**Problem to work on:** Return the whole listing exactly, omitting the pictures.

**Information shown:**
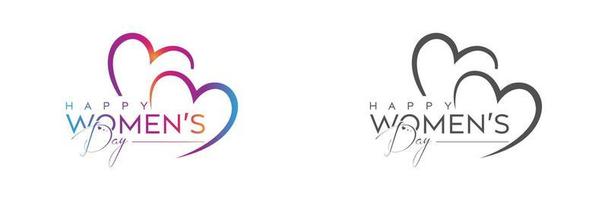 abstrakt Lycklig kvinnors dag logotyp, Lycklig kvinnors dag, kärlek vektor logotyp design, rosa Färg, svart Färg logotyp design
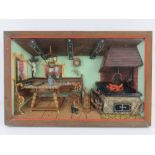 A Swiss musical movement diorama of a kitchen with floral decorated pew type bench and fireplace.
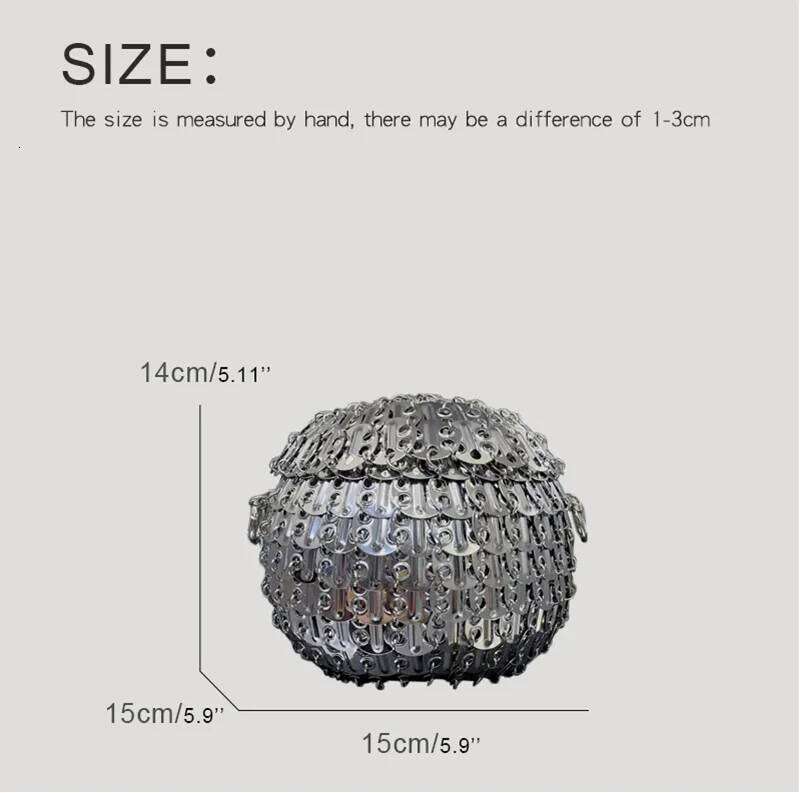 Designer Aesthetic Bags Women's Handmade Woven Sheet Metal Ball Shoulder Women Holiday Party Evening Bag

**Answer below:**
 abstrakt Lycklig kvinnors dag logotyp, Lycklig kvinnors dag, kärlek vektor logotyp design, rosa Färg, svart Färg logotyp design
 A Swiss musical movement diorama of a kitchen with floral decorated pew type bench and fireplace.
 Designer Aesthetic Bags Women's Handmade Woven Sheet Metal Ball Shoulder Women Holiday Party Evening Bag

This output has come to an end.